Aggregates China 2018 took place 18-20 August at the China Import & Export Fair Pazhou Complex in Guangzhou. As well as welcoming customers onto its stand during the three-day event, Powerscreen held meetings with potential new distributors looking to join the brand’s rapidly expanding professional and customer-driven China dealer network.

Sandvik Mining and Rock Technology has appointed Pota Environment (Shanghai) Ltd. as its new mainland China distributor for Sandvik Mobile Crushers and Screens.

Pota will not only be supplying a comprehensive range of Sandvik equipment but will also be providing full aftermarket care, spare parts and dedicated customer service.

A firm specialising in the supply of mobile material handling equipment and dust suppression systems to the Asian market, Pota has a team of 12 sales representatives and six service engineers to support Chinese Sandvik Mobile Crushers and Screens customers.

Commenting on the appointment of Pota, Eugene Lyons, global sales & marketing director for Sandvik Mobile Crushers and Screens, said: “We are delighted to appoint Pota as our distributor in China.

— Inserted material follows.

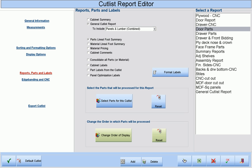Cabinet Pro produces a host of other reports, such as Cabinet Summary Reports, Drawer Reports, Drawer Box Reports, Edge Banding Reports, Laminate Reports, Labels for Cabinets, Labels for Parts from your Cutlist, and Labels for Parts after optimization — all automatically and with minimal effort.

This will inevitably open up new opportunities for Sandvik Mobile Crushers and Screens in China and we are excited at the huge potential the market has to offer.”

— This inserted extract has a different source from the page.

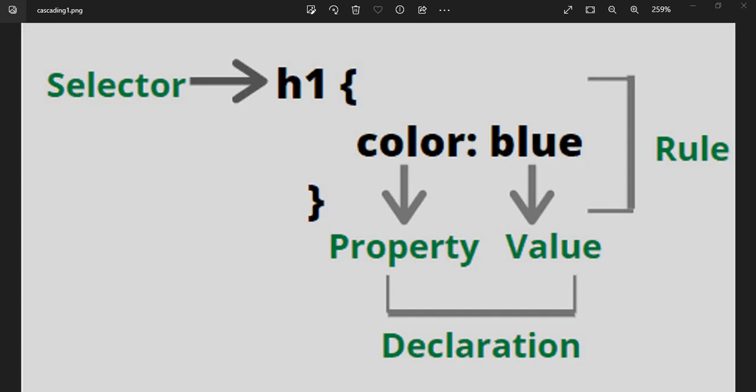Hello everyone, welcome back to Coding Chess. My name is Nelson and I'm glad to have you guys back. As you can see on the screen, I have an image showing the selector and beneath it the declaration. As you guys could remember from the last video, I taught you about selectors and declarations.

Many global market quarrying and construction equipment OEMs are focused on their machine and plant line-ups for the 2018 edition of bauma China, Asia’s biggest and the world’s second-largest construction equipment trade show after bauma Munich, taking place at the Shanghai New International Expo Centre (SNIEC) 27-30 November. The last bauma China in November 2016 attracted 2,958 exhibitors from 41 countries and 170,000 visitors from the Asia region. Among the top OEM names at the biennial showcase will be Caterpillar, with the U.S. sector giant appearing for the first time since 2012.

Given the buoyancy in Chinese aggregates and construction equipment demand, the tighter environmental regulations around the use of natural sand in building works, and the imminent staging of the world’s second biggest construction equipment exhibition, many new construction and quarrying equipment purchases will be made by Chinese customers before the end of 2018. Considering the Chinese government’s ongoing commitment to huge infrastructure spending, growing real estate and manufactured sand demand, the longer-term outlook for the Chinese aggregates industry is just as full of commercial promise.


SDLG and Alibaba Group Holdings (Alibaba), headquartered in Hangzhou, China, have announced a new partnership aimed at improving and enhancing intelligent manufacturing techniques at SDLG’s assembly plants.

Majority-owned by Volvo Construction Equipment, SDLG is a construction equipment manufacturer based in Linyi, China, that produces thousands of machines each year. By partnering with Alibaba, a global leader in B2B e-commerce and business intelligence technologies, the company hopes to use such innovations as artificial intelligence, machine-to-machine communication and intelligent devices to modernise its manufacturing. The goal is to boost productivity and reduce waste in its factories, while still delivering high-quality, reliable products to its customers.

Immediately, SDLG plans to begin using Alibaba’s cloud technology to improve procurement and supply chain sourcing, for example, which should help the company become more flexible in its production, as it can better shift among supply partners to meet changing market dynamics. Also, it will use Alibaba’s business intelligence tools to analyse the data of its current operations, which will help the company make more informed business decisions in the future.

“SDLG has been steadily investing in its production processes for years, and this partnership with Alibaba will take these efforts to a new level,” said Wen Degang, general manager of SDLG. “With the deep insight and analytics that Alibaba’s business intelligence expertise can bring, SDLG can further take the lead in such efforts as supply chain sourcing, lean production and digital manufacturing to increase flexibility, operational efficiency and more.”

SDLG’s intelligent or ‘smart’ manufacturing processes already include mechanisms that optimise its machine design process, its production and sales pipelines, for example. Tools provided by Alibaba through the new partnership will give SDLG insight into its own business operations at a level not previously seen.